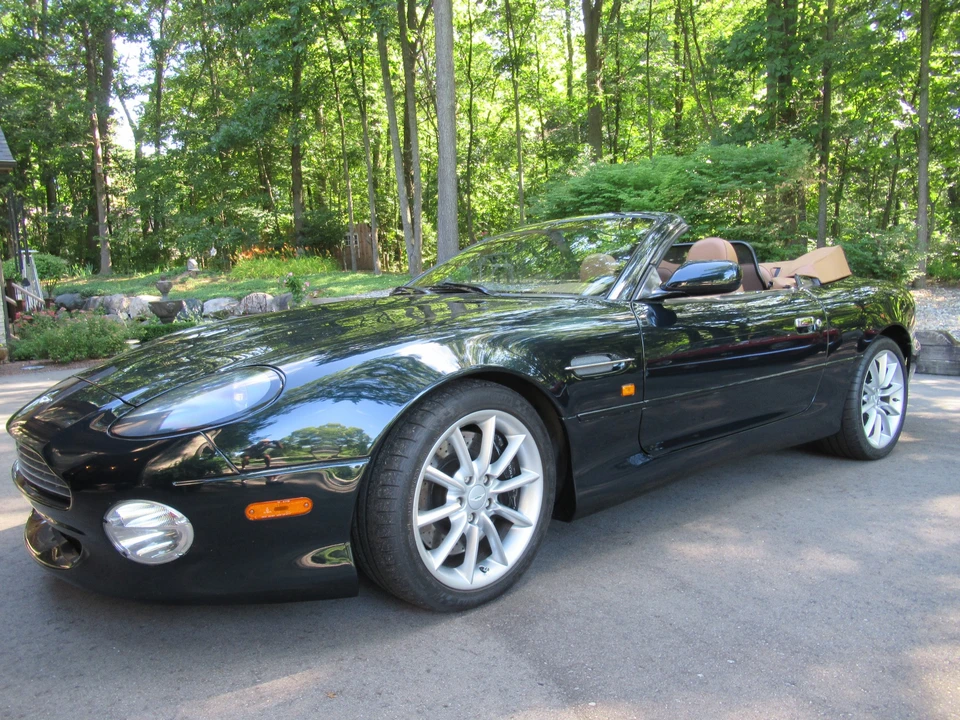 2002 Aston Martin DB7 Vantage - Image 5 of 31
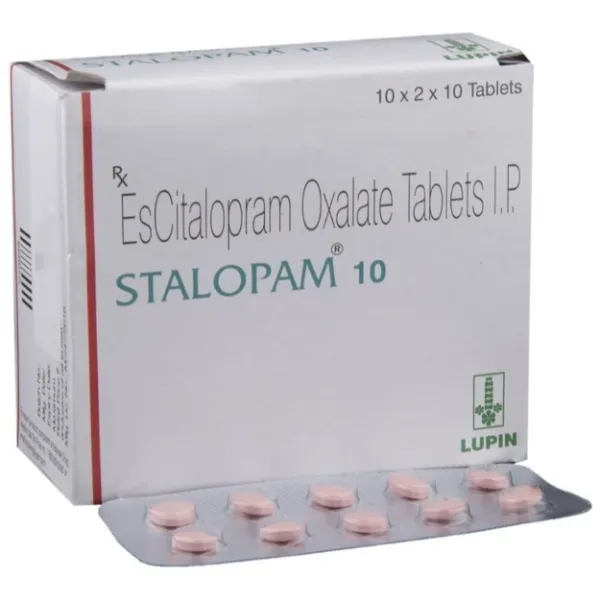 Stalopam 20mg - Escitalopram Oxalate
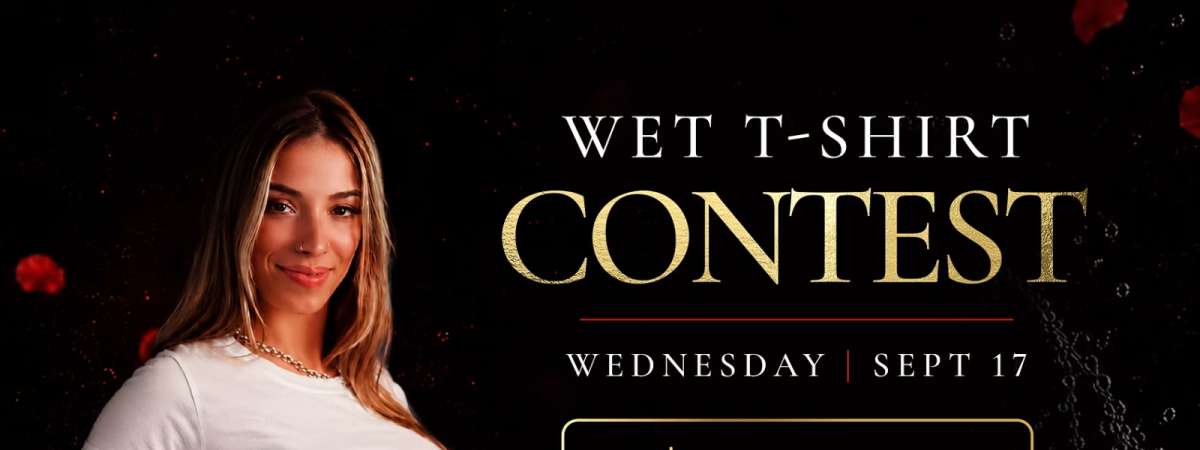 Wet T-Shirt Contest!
□ □ □
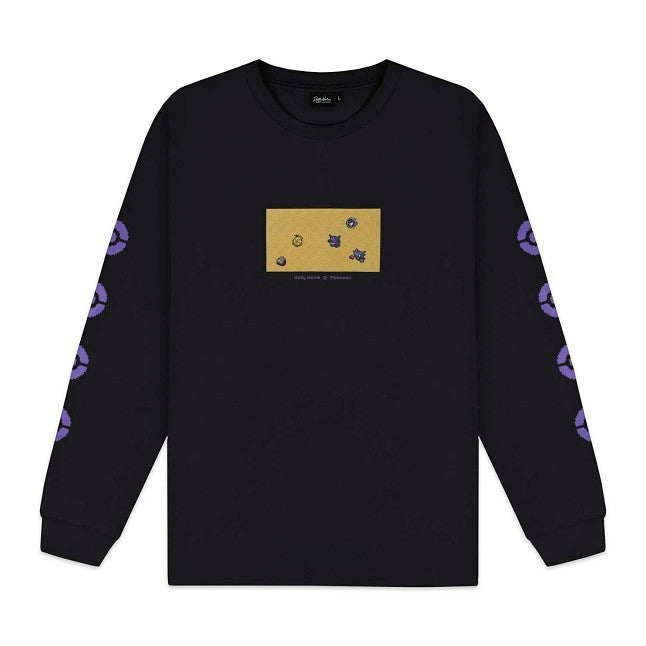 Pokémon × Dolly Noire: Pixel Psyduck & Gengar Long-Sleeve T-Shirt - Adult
□ □ □
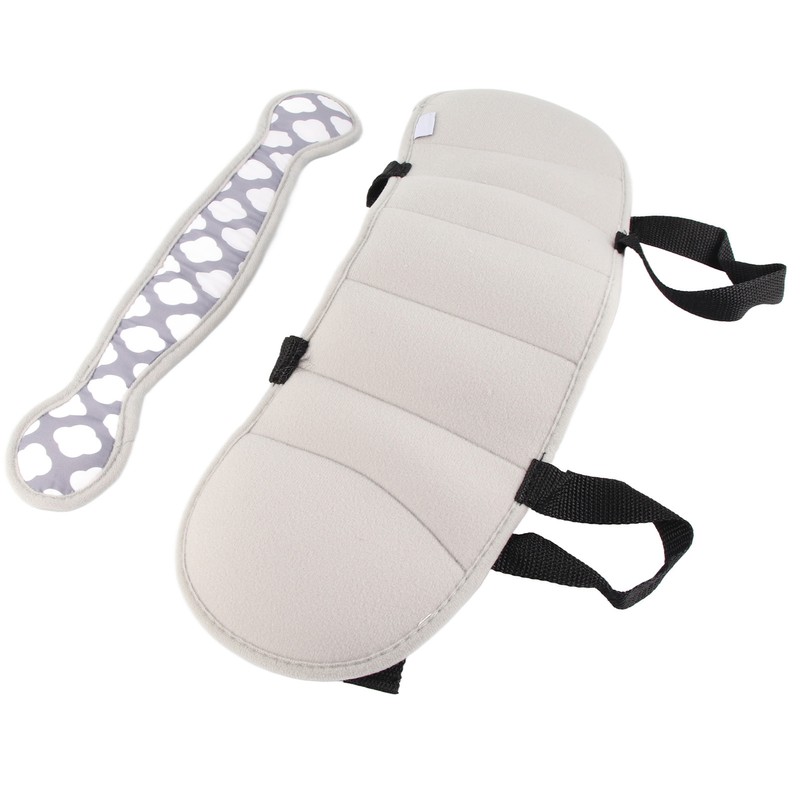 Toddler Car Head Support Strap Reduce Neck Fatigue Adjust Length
□ □ □
**WHAT YOU WILL DO:**
Since the pictures are not part of the copy, please transcribe only the lines above from the one with "Stalopam 20mg - Escitalopram Oxalate" through the one with "Wet T-Shirt Contest!", exactly and with both ends.

**EXERCISE SOLUTION:**
 Stalopam 20mg - Escitalopram Oxalate
 Wet T-Shirt Contest!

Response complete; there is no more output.